No one can say exactly what it looks like when a planet takes ill, but it probably looks a lot like Earth.
Never mind what you've heard about global warming as a slow-motion emergency that would take decades to play out. Suddenly and unexpectedly, the crisis is upon us.
From heat waves to storms to floods to fires to massive glacial melts, the global climate seems to be crashing around us.
The problem -- as scientists suspected but few others appreciated -- is that global climate systems are booby-trapped with tipping points and feedback loops, thresholds past which the slow creep of environmental decay gives way to sudden and self-perpetuating collapse. That's just what's happening now.
It's at the north and south poles -- where ice cover is crumbling to slush -- that the crisis is being felt the most acutely.

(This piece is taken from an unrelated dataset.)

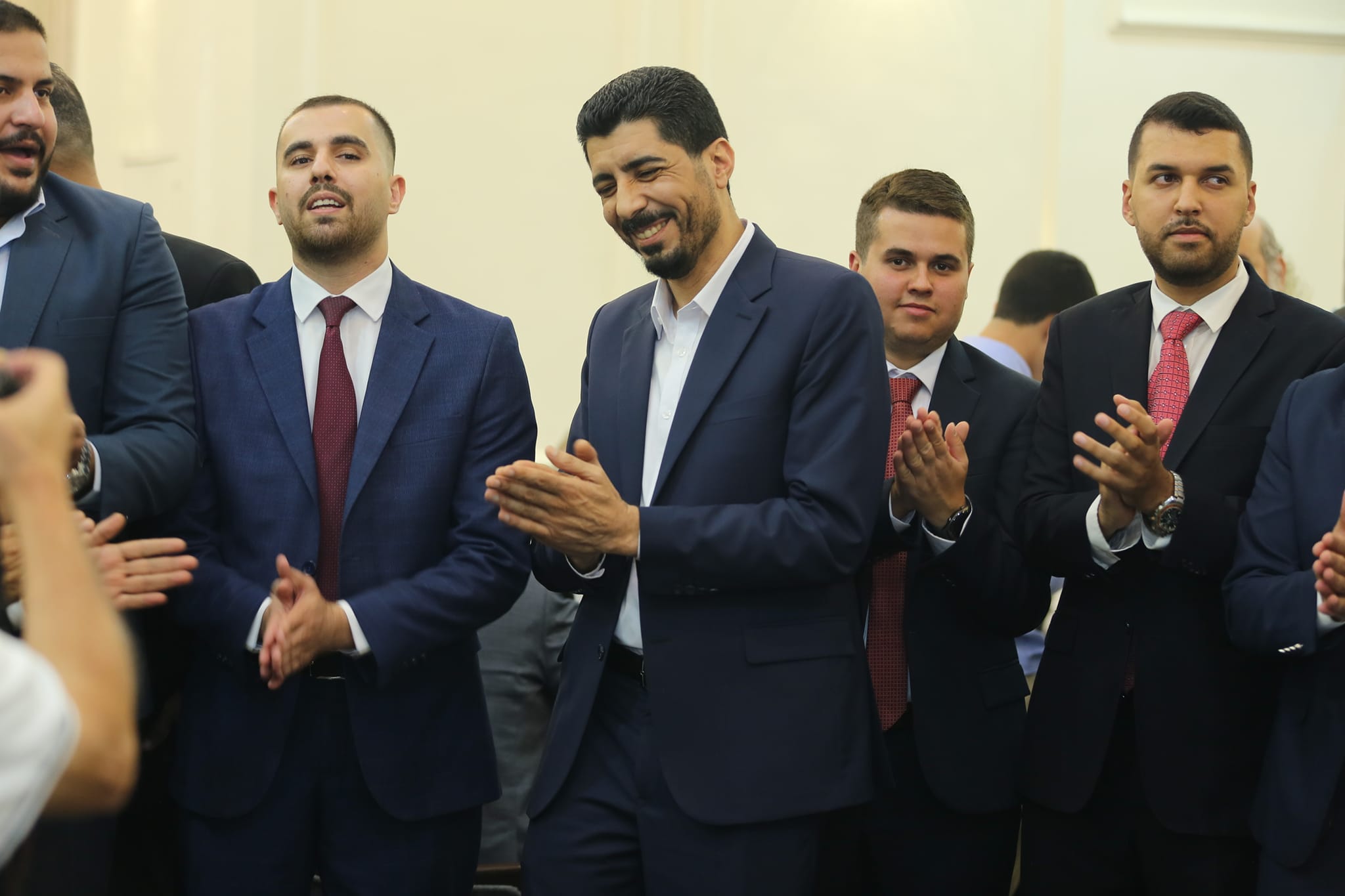 457737491 8246248652093433 222631398817640425 n - وكالة عكاظ الاخبارية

Late last year, for example, researchers analyzed data from Canadian and European satellites and found that the Greenland ice sheet is not only melting, but doing so faster and faster, with 53 cubic miles draining away into the sea last year alone, compared to 23 cubic miles in 1996.One of the reasons the loss of the planet's ice cover is accelerating is that as the poles' bright white surface disappears it changes the relationship of the Earth and the sun. Polar ice is so reflective that 90 percent of the sunlight that strikes it simply bounces back into space, taking its energy with it. Ocean water does just the opposite, absorbing 90 percent of the light and heat it receives, meaning that each mile of ice that melts vanishes faster than the mile that preceded it.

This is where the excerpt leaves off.